In 1955, Walt Disney’s dream of a land where families could enjoy his creations finally became a reality. It is safe to say that Orange County would never have been what it is today without that little mouse and his kingdom. The magnitude of Disneyland’s reach across the world and the interest in Mickey, himself, put Orange County on every map.
Orange County’s population exploded in the 1950s. The County began a new role as part of the metropolitan empire that is Southern California. Trademark Orange trees were felled as subdivisions spread south following the ever-extending freeway tentacles. Suburban residential developments and multi-million dollar industrial plants became commonplace. Houses were being built in areas that were months ahead of the installation of streets, sidewalks, sewers, gas, and water lines.
Much of the growth of Orange County came from Los Angeles, where established industries were looking to expand. Orange County provided them with inexpensive land, good transportation systems and conveniently located schools and recreation areas in exchange for a prospering community. Freeways made rapid automobile transportation possible, beginning with the Santa Ana Freeway, which eventually led right to Disneyland’s front door.
The outbreak of the Korean War in 1950 gave additional fuel to the industrial growth, as war plants that had been somewhat dormant since World War II were being re-opened. By the time the Korean conflict ended in 1953, the momentum created by military activity could not be stopped. The land boom was in full swing and the citizens of Orange County were left breathless in an attempt to keep up with the pace at which the County was moving.
Hard to believe, but “Fantasyland” and “Frontierland” were not the only cultural headlines during the time. Good Ol’ Charlie Brown entered the American culture as Charles Schulz created the legendary comic strip “Peanuts” in 1950. Earl Warren was elected California governor for an unprecedented third term in that same year. The Californian redwood was designated the state tree and the grizzly bear named the state animal. Fullerton resident Leo Fender introduced the Broadcaster, the first mass-produced solid-body electric guitar, which was the forerunner for the instruments that defined the sound of rock-n-roll.
The Orange County Courthouse, now half a century old, continued to make history. Just 50 years before, ten lawyers had met in the then newly dedicated courthouse to form the Orange County Bar Association. At that time, Santa Ana could not even boast of a paved street or working electricity. But, in 1951, the Court was the site of P.V. McCracken, the first murder trial of which portions were televised.

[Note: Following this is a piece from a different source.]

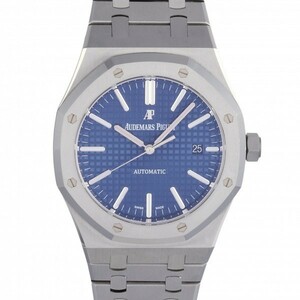 オーデマ・ピゲ AUDEMARS PIGUET ロイヤルオーク オートマティック ブティック限定 15400ST.OO.1220ST.03 ブルー文字盤 中古 腕時計 メンズ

To add to the growing resume of this Courthouse, Richard Nixon, Dwight Eisenhower’s vice-presidential running mate, made a campaign visit and held a rally there in October of 1952. Needless to say, Eisenhower went on to be the President for the remainder of the decade.
The Orange County Bar Association (OCBA) continued to thrive. With the growth of the County came unparalleled opportunity for those in the legal community. Demographic and economic changes fostered expansion into the developing areas of law. Firms increased their size and their client base as corporate business moved into town along with high-tech firms specializing in manufacturing and research.

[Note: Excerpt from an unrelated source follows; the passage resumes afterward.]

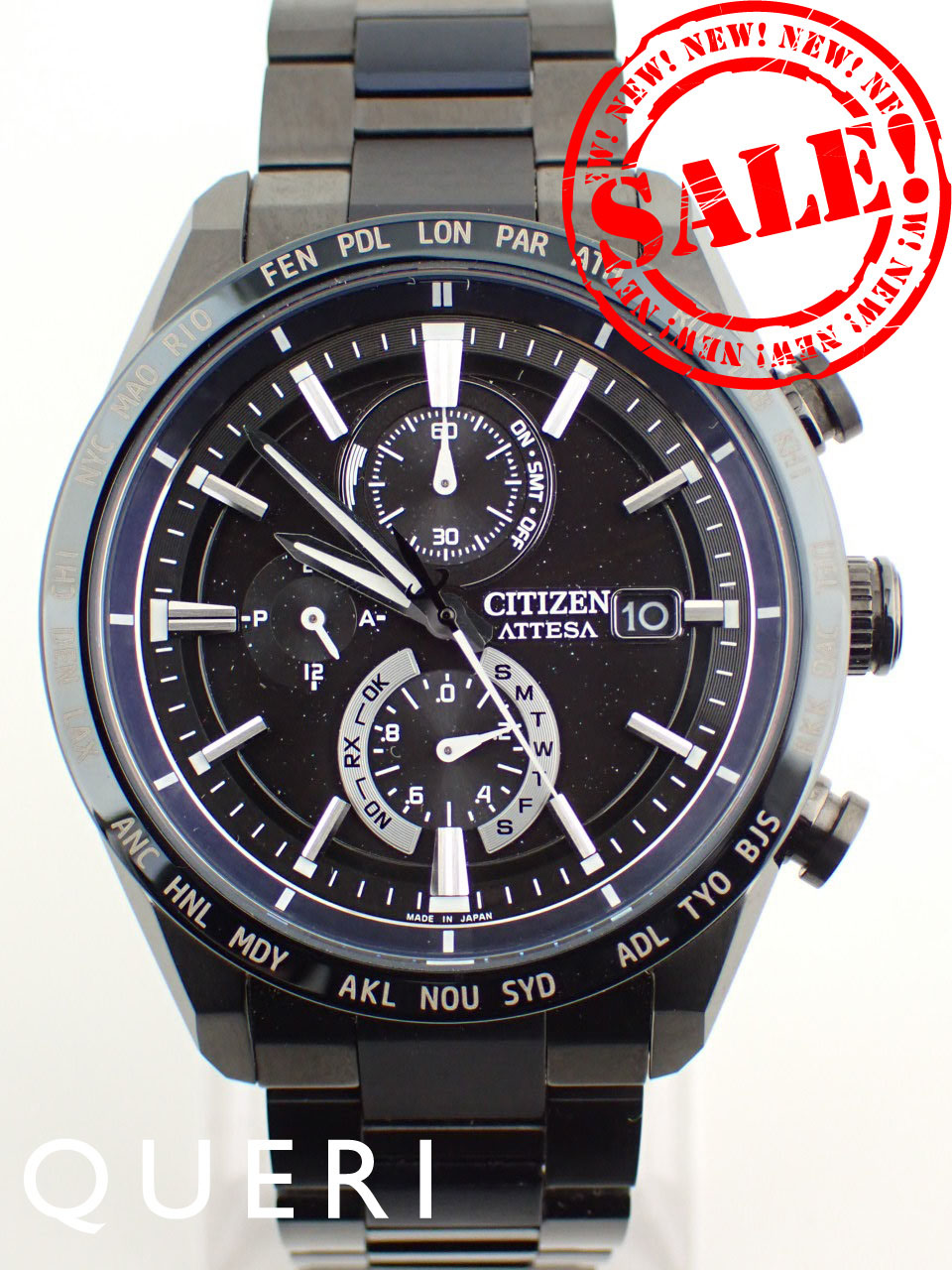 シチズン アテッサ アクトライン エコドライブ スーパーチタニウム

As we struggled to do what we thought was right in this post-war boom, there were times that our efforts proved to be misguided. Unfortunately, a fear existed within the country at that time that led the bar’s Executive Committee to make a chilling recommendation in May of 1953. For purposes of screening new applicants to the Bar, the perspective member would be asked to answer a questionnaire that would include these questions: “Are you now, or have you ever been a member of any subversive organization;” “Have you ever been a member of the Communist Party;” “Have you ever held any position in any Communist Front Organization;” “Have you subscribed to the Daily People’s World; and “Are you willing to take a loyalty oath?”
“The Mouse That Roared… into Orange County”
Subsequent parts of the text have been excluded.